AI and Disability: A Double-Edged Sword

AI and Disability: A Double-Edged Sword. Thursday, July 22, 2021, 1:30 PM - 3:00 PM (EDT).

AI and Disability: A Double-Edged Sword

To celebrate the anniversary of the We Count Digging Deeper Series, we’re bringing you a special webinar that features an intimate conversation between Wendy Chisholm and Jutta Treviranus about the complex relationship between innovative technology and disability, with a focus on artificial intelligence (AI). Drawing on their wealth of knowledge and experience, these panelists will discuss the risks and rewards of AI for people with disabilities, as well as what the future of the industry may hold for the disability community.

July 22, 2021, 1:30 PM – 3:00 PM (EDT)

AI and Disability webinar video


Wendy Chisholm has been working to make the world more equitable since 1995, when she started working on what would become the W3C’s Web Content Accessibility Guidelines, the basis of worldwide web accessibility policy. Since then, she co-wrote Universal Design for Web Applications with Matt May (O’Reilly, 2008), worked as a consultant, and appeared as Wonder Woman in a web comic with the other HTML5 Super Friends. In 2010, she joined Microsoft to infuse accessibility into their engineering processes and drove the development of what is now Accessibility Insights. As of 2018, she manages the selection and funding of projects for Microsoft’s AI for Accessibility program — a $25 million grant program to accelerate AI innovations that are developed with or by people with disabilities.

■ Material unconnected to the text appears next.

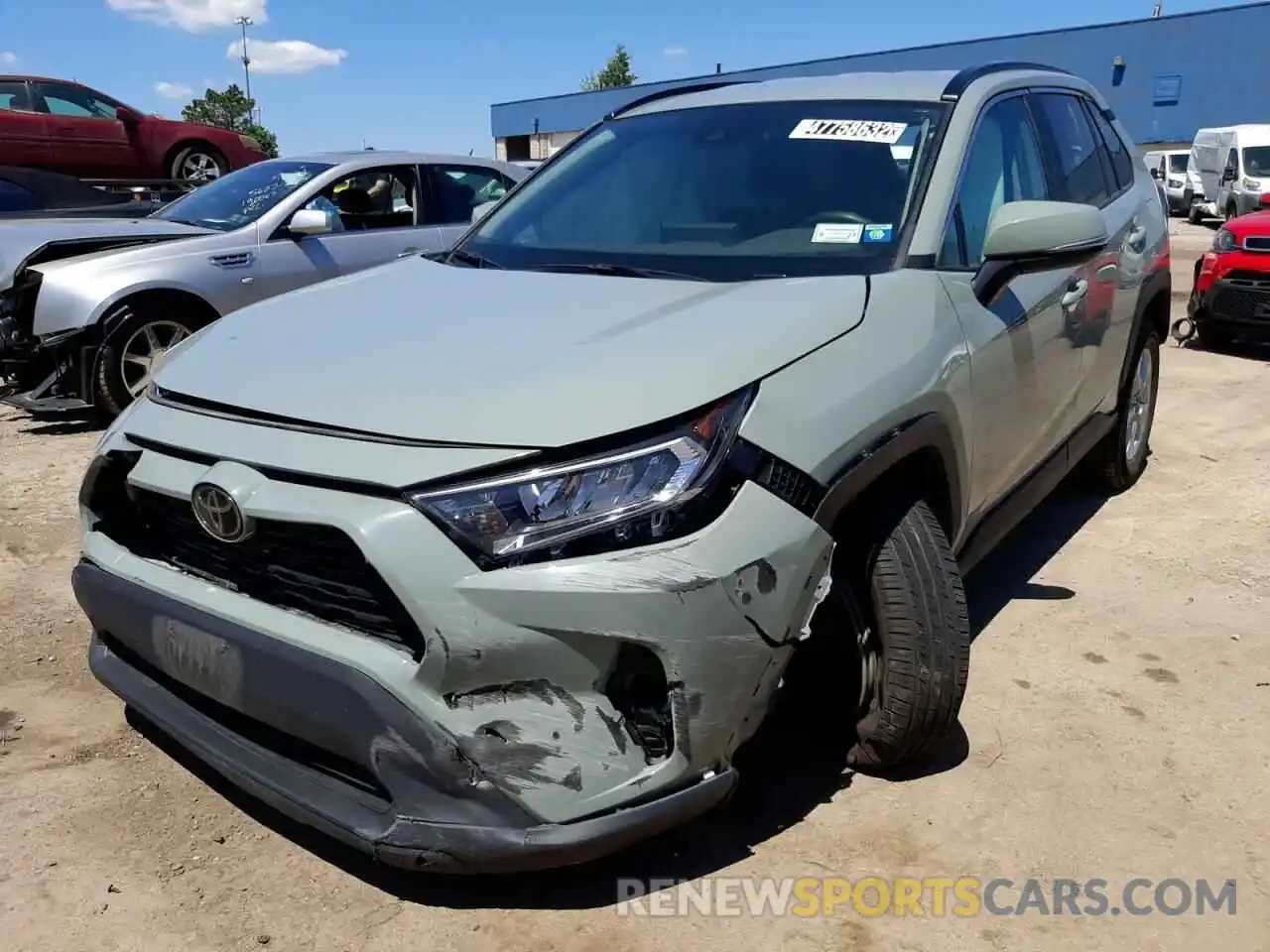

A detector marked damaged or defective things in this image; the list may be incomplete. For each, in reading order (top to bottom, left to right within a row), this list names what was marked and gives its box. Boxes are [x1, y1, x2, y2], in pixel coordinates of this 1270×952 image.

Jutta Treviranus is the Director of the Inclusive Design Research Centre (IDRC) and professor in the faculty of Design at OCAD University. Jutta established the IDRC in 1993 as the nexus of a growing global community that proactively works to ensure that our digitally transformed and globally connected society is designed inclusively. She also heads the Inclusive Design Institute, a multi-university regional centre of expertise. Jutta founded an innovative graduate program in inclusive design at OCAD University. She leads international multi-partner research networks that have created broadly implemented innovations that support digital equity. She has played a leading role in developing accessibility legislation, standards and specifications internationally (including W3C WAI ATAG, IMS AccessForAll, ISO 24751, and AODA Information and Communication). She serves on many advisory bodies globally to provide expertise in equitable policy design. Jutta’s work has been attributed as the impetus for the corporate adoption of more inclusive practices in large enterprise companies such as Microsoft and Adobe.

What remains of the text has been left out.